In LTE, before user data is sent on a downlink shared channel, the eNB will send a scheduling indication on the downlink shared control channel (DLSCCH) providing the parameters that the UE will use to demodulate the data. However, if the UE misses that DLSCCH scheduling indication, the UE will not know to receive the user data and, hence, will not know to acknowledge (ACK) or negatively ACK (NACK) the user MAC-PDU. The eNB will be awaiting the ACK or NACK, i.e. hybrid ARQ (HARQ), response. When it does not get that response, it is considered a discontinuous transmission (DTX).
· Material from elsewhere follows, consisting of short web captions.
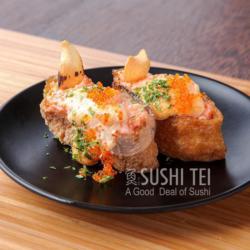 Spicy Salmon Inari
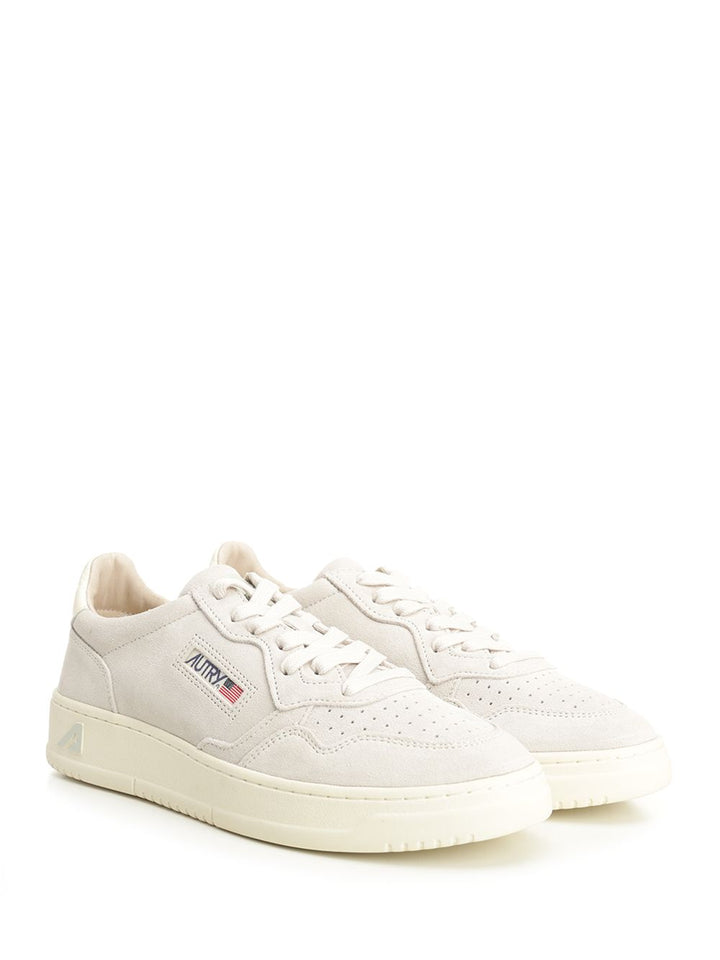 Autry  Medalist Low Sneakers - White | f977c17ddee0c3bb9d40ba3e7eaaa19928afb6d4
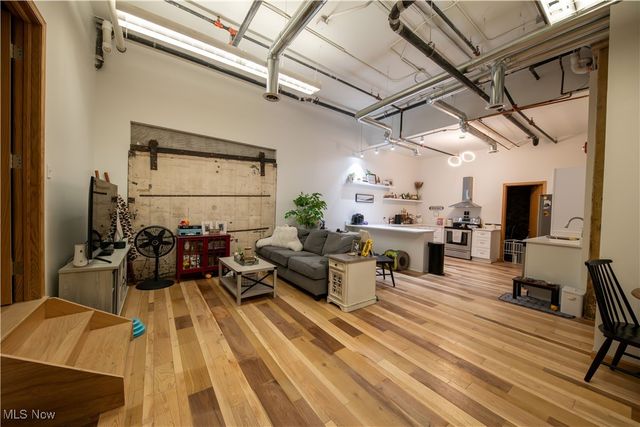 635 W Lakeside Avenue 126-A, Cleveland, OH 44113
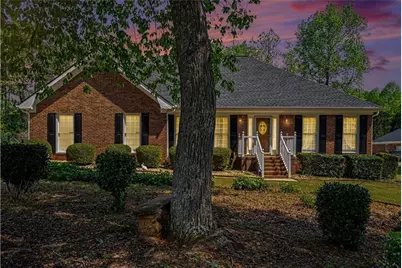 1329 Saxony Drive SE, Conyers, GA 30013 - Photo 5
If the data indication on the downlink shared control channel (DLSCCH) is missed by the UE and the subsequent discontinuous transmit (DTX) on the HARQ feedback channel is misinterpreted as an ACK by the enhanced node B (eNB), a MAC-PDU may be lost. Moreover, if UE automatically increments DRX length according to a rule, e.g. no data activities in a certain duration, the eNB will maintain its current DRX value while the UE will increment its own DRX value. This results in DRX timing de-synchronization, i.e. the eNB and the UE are operating on different DRX periods.
As will be appreciated, this increases the downlink message delivery latency and wastes downlink radio resources. Longer delivery latency should be avoided, especially for critical downlink control messages. Once DRX timing de-synchronization occurs, the eNB has to determine the UE DRX timing in order to send new data to the UE. The eNB may achieve this by sending various probing messages to the UE at those times when it knows the UE may possibly be awake. It will, after a few attempts, find the UE DRX timing, and awaken the UE in order to regain synchronization.